For those who have followed Tamil cinema, Ken Karunaas is not a new face. Son of actor-politician Karunaas and singer-TV personality Grace, he has appeared alongside Dhanush in Vetri Maaran's Asuran and Viduthalai Part 2, and in Venky Atluri's Vaathi. With Youth, the 24-year-old steps into Kollywood as a filmmaker — and has chosen his subject wisely. A school drama built on nostalgia and romance plays to his strengths both in front of and behind the camera.
Youth does not set out to break boundaries, and it makes no pretence of doing so. It is a safe, generic, feel-good school drama with the right doses of love, emotion, and comedy. When these elements are handled well, a film can work even on familiar terrain, and Youth largely succeeds on that front. Everything you expect from a school drama is present — teenagers who fall in love over the smallest gestures, friends who cannot take no for an answer, parent(s) cast as villains, FLAMES as the highest form of romantic validation, and rival school gangs. The film wears its genre conventions proudly.

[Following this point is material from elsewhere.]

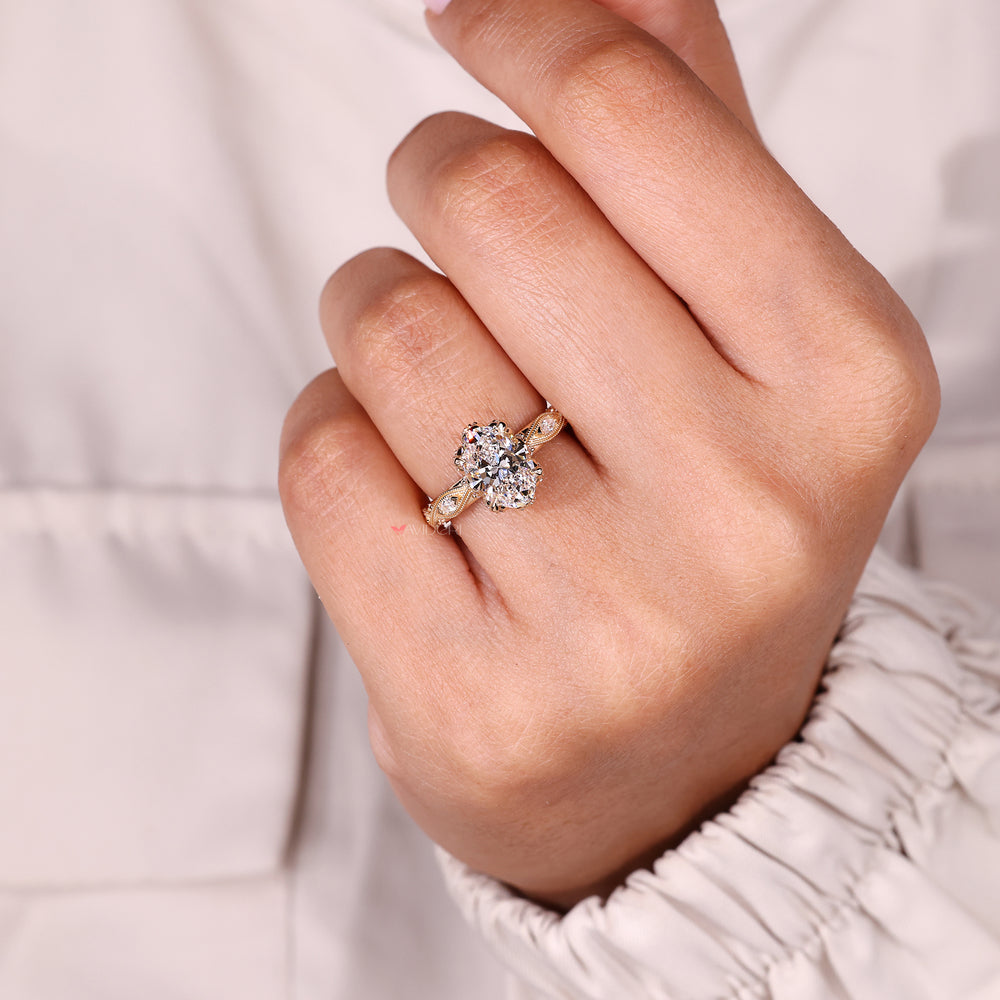 Vintage oval engagement ring milgrain setting.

What works in its favour is how it weaves school romance into genuine family sentiment without tipping into melodrama. The school portions are raw and energetic, though it must be said that some jokes veer into body-shaming and racist territory — played for laughs among teenagers, but worth noting rather than simply excusing.
The film's most quietly affecting thread, however, is the relationship between Praveen's parents. There is nothing flashy about it — just two people who respect each other, acknowledge their flaws, and choose to show up for one another anyway. It is what love actually looks like, and the film is wise enough to let it breathe.
When Unnikrishnan, in his warmly accented Tamil, asks his wife whether their son will change after a difficult experience, it lands. And when he quietly asks her whether she is happy with him and whether he has been a good husband, it is impossible not to feel for a middle-class father who calls himself a failure. These are the moments that elevate Youth beyond its genre.
Ken Karunaas has a boy-next-door charm that is entirely natural and difficult to manufacture, and his performance leans into it effectively. Anishma and Meenakshi Dinesh are both convincing as schoolgirls with distinct personalities, each bringing something different to their roles. But it is Suraj Venjaramoodu and Devadarshini who leave the deepest impression. Despite limited screen time, their characters give the film its emotional backbone and its warmth.
Cinematographer Viki's visuals are fresh and vibrant, in keeping with the film's youthful energy, and GV Prakash's songs and background score do what they need to — lifting the emotional moments without overpowering them.
Youth is not a film that digs deep or asks difficult questions. It is a breezy, affectionate drama about teenagers who are unserious about life until life gets serious with them. It stumbles in places, relies on convenience in others, and lets a few jokes slide that it probably should not. But it strikes enough of the right notes — and finds enough genuine heart in the margins — to make it a worthwhile watch.